La décision sur Pazuello, en raison de la grande visibilité qu'elle avait, mérite une déclaration du haut commandement de l'armée. Même s'il n'est pas motivé par une véritable appréciation, mais par commodité, il s'agit d'une déclaration de loyauté envers Bolsonaro et ses méthodes - non-respect des règles établies, mépris des apparences, tout est permis. Et une déclaration d'engagement. Ils indiquent sans aucun doute de quel côté ils se trouvent aujourd'hui et de quel côté ils resteront en 2022.
Allez-vous prendre un coup? J'ai du mal à penser à une caserne classique. Il y a un manque de leadership, un manque de courage et un manque de cohésion – l'impression est qu'il y a une très grande dispute interne, des groupes qui se battent pour savoir lequel peut obtenir le plus d'avantages. Le plus probable est la continuité des comportements adoptés depuis la préparation du putsch de 2016 : actions et déclarations pour maintenir la température politique à un niveau élevé, démonstrations localisées de truculence, pression non dissimulée sur les « institutions » (qui ont déjà montré leur timidité) .
« Pression » est aussi le maître mot de notre côté. Ce que la décision sur Pazuello enterre, c'est l'illusion que nous aurions, l'année prochaine, un processus électoral raisonnablement « normal » - et, avec elle, l'illusion parallèle qu'il suffit de gagner les élections (avec Lula ?) pour mettre le pays sur les rails de la reprise démocratique. Gagner des élections est la chose la plus facile, même si ce n'est pas le cas. Avant cela, il faut s'assurer que la gauche puisse choisir librement ses candidatures. Ensuite, nous devons garantir le mandat des élus et leur capacité à gouverner efficacement. Pour tout cela, nous avons besoin d'une capacité de pression. C'est-à-dire d'organisation et de mobilisation.

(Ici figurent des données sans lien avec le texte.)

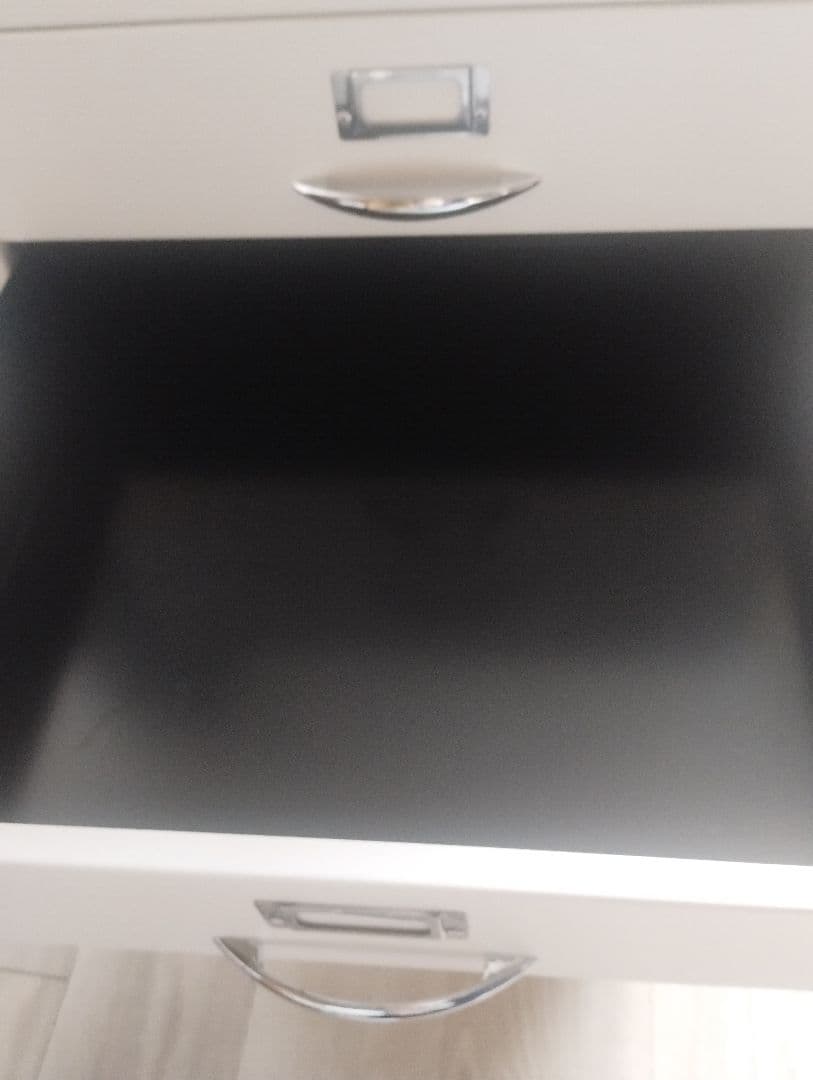 BISLEY ビスレー キャビネット 鍵無し 白 - メルカリ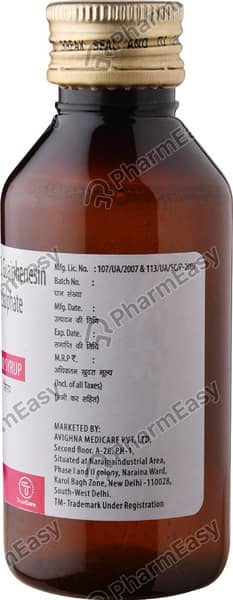 Snikuf Tg 30 Bottle Of 100ml Syrup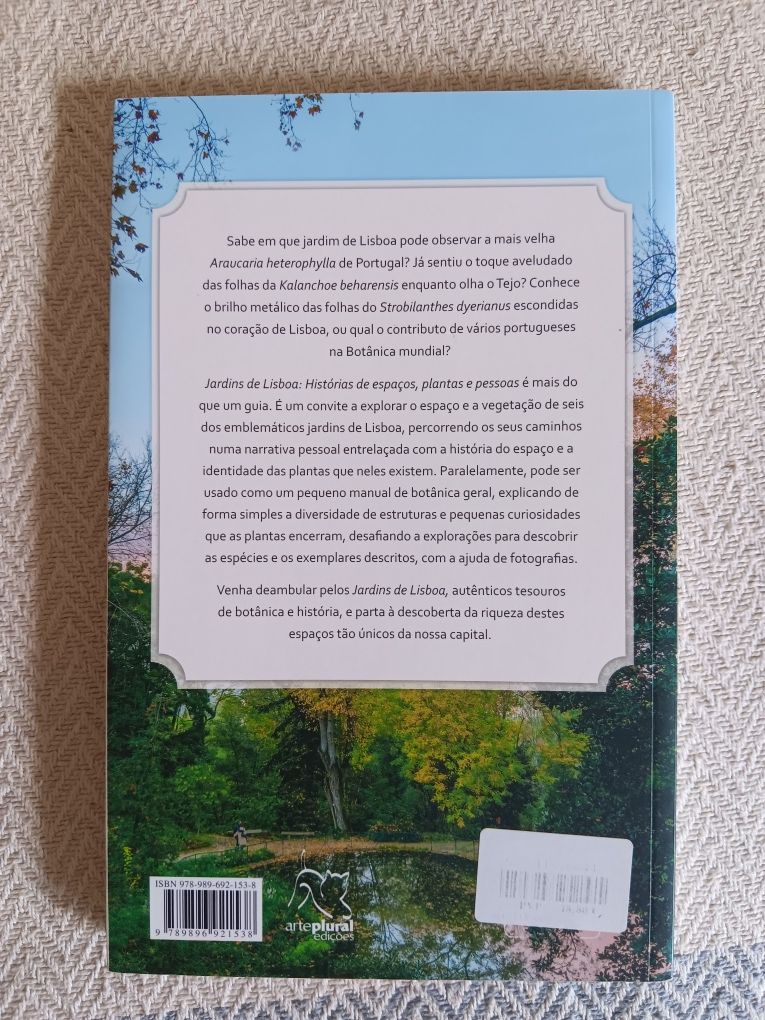 Ivo Meco, Jardins de Lisboa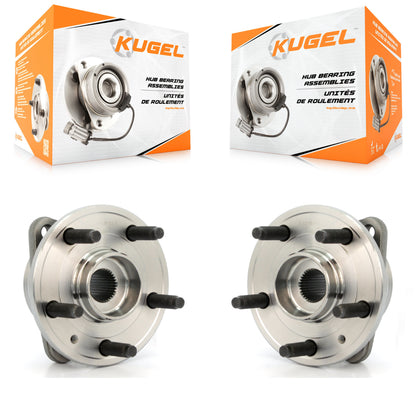 [Avant] Kit d'ensemble roulement de roue et moyeu pour Chevrolet Cruze Limited K70-100351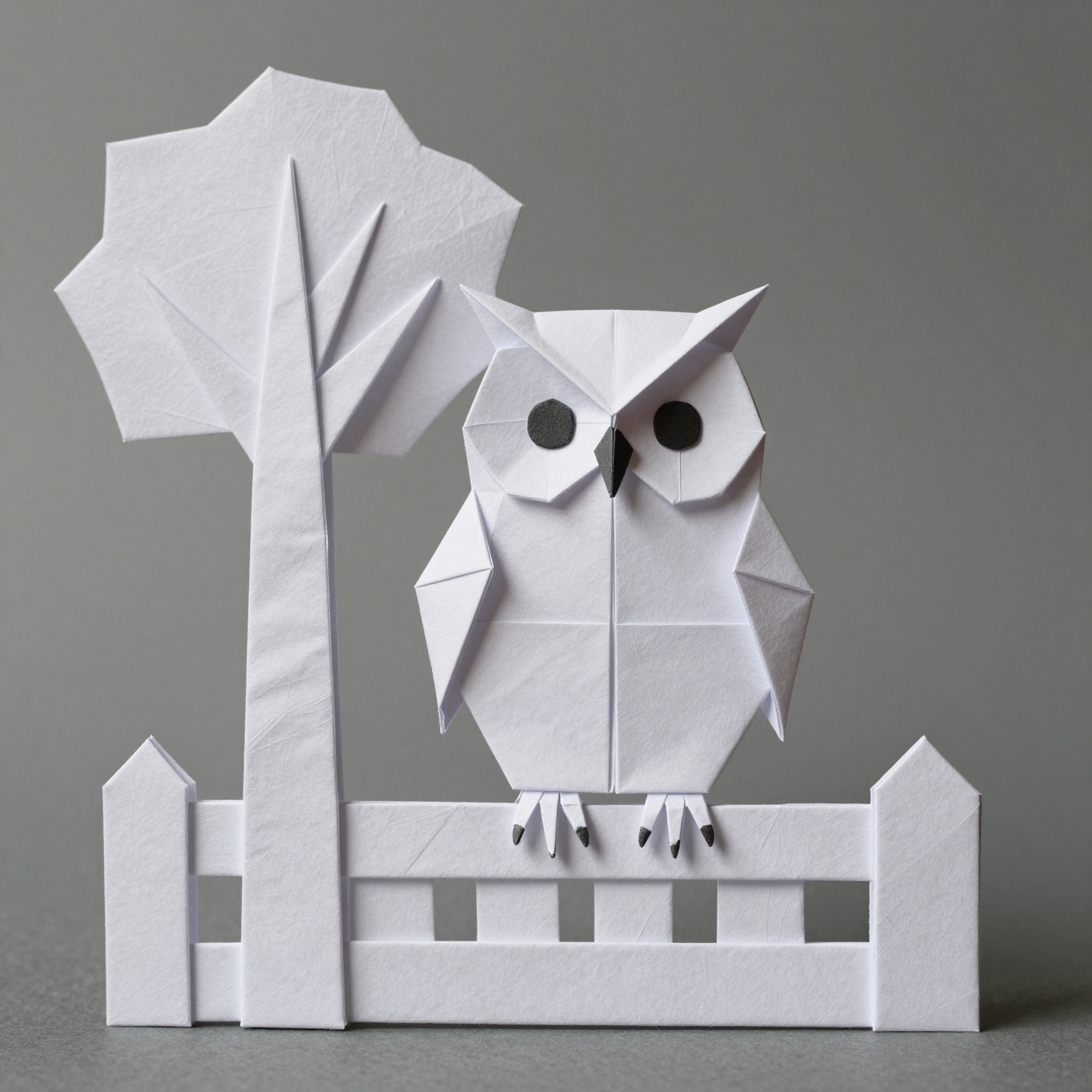 Origami pixels example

Les circonstances sont difficiles; la pandémie, complice du gouvernement, est notre ennemie. Mais les manifestations de dimanche dernier ont montré qu'il y a, dans la société, des énergies qui attendent d'être canalisées vers cette tâche. Le renforcement du travail politique permanent, de la résistance aujourd'hui et de l'accumulation des forces pour l'avenir, est essentiel et urgent.
* Luis Felipe Miguel Il est professeur à l'Institut de science politique de l'UnB. Auteur, entre autres livres, de L'effondrement de la démocratie au Brésil (expression populaire).